_Dataset content_.
════════════════

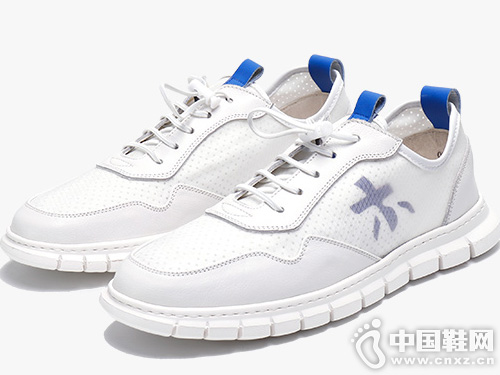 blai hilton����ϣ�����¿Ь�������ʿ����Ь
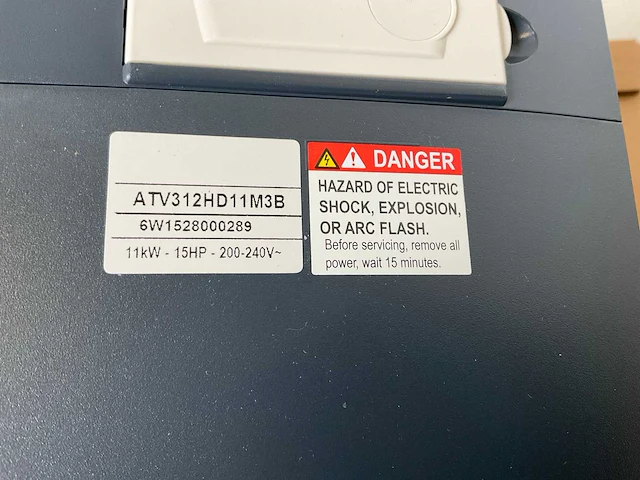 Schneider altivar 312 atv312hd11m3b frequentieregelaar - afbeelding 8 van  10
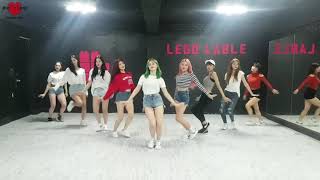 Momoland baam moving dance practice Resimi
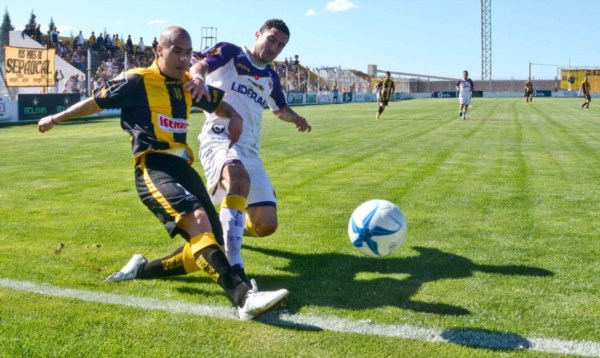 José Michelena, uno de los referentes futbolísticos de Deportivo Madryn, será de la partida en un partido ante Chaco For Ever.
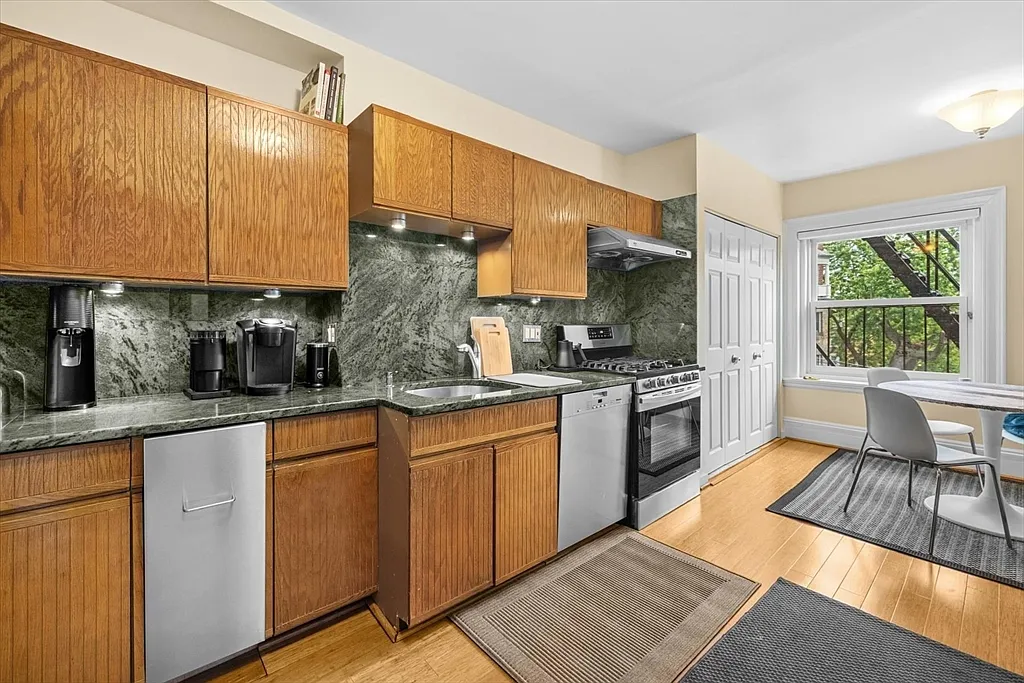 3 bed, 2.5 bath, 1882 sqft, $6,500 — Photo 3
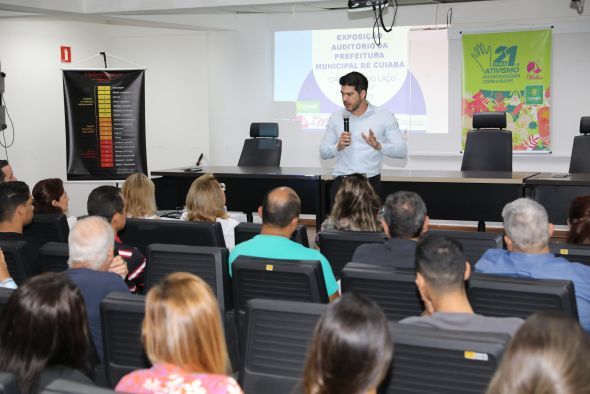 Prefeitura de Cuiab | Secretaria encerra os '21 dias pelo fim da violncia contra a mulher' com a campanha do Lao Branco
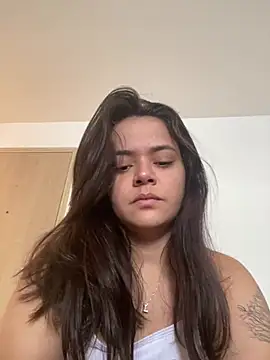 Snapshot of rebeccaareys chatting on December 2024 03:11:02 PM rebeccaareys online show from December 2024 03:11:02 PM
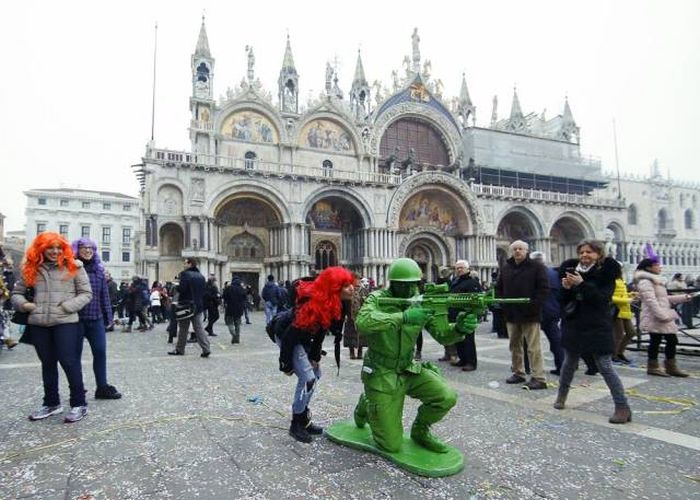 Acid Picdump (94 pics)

════════════════

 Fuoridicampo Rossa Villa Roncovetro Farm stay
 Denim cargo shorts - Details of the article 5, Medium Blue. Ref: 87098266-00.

════════════════

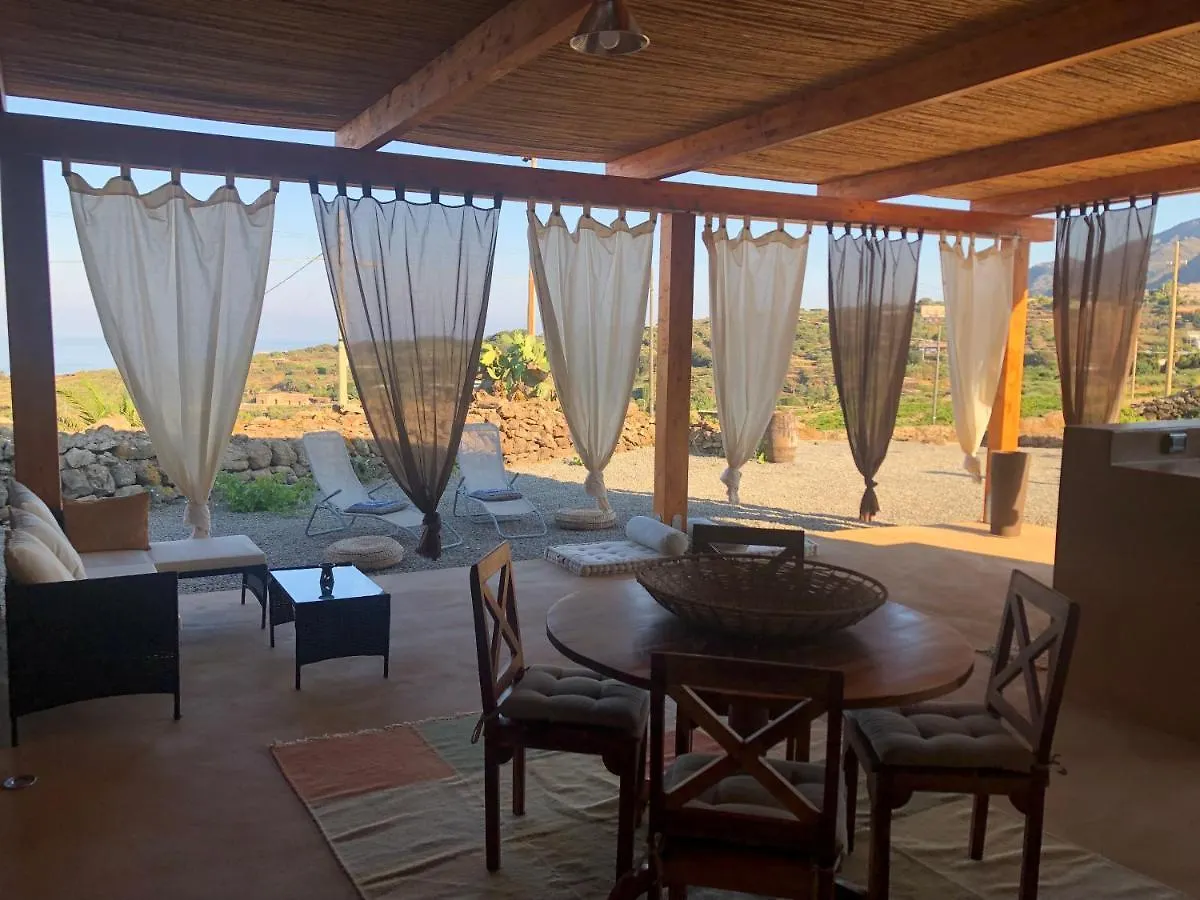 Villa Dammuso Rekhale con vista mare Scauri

════════════════

_Task prompt_. Return exactly the lines of the material above, starting at the line containing "blai hilton����ϣ�����¿Ь�������ʿ����Ь" and finishing at the line containing "Acid Picdump (94 pics)", without any pictures.

_Answer box_.
 blai hilton����ϣ�����¿Ь�������ʿ����Ь
 Schneider altivar 312 atv312hd11m3b frequentieregelaar - afbeelding 8 van  10
 Momoland baam moving dance practice Resimi
 José Michelena, uno de los referentes futbolísticos de Deportivo Madryn, será de la partida en un partido ante Chaco For Ever.
 3 bed, 2.5 bath, 1882 sqft, $6,500 — Photo 3
 Prefeitura de Cuiab | Secretaria encerra os '21 dias pelo fim da violncia contra a mulher' com a campanha do Lao Branco
 Snapshot of rebeccaareys chatting on December 2024 03:11:02 PM rebeccaareys online show from December 2024 03:11:02 PM
 Acid Picdump (94 pics)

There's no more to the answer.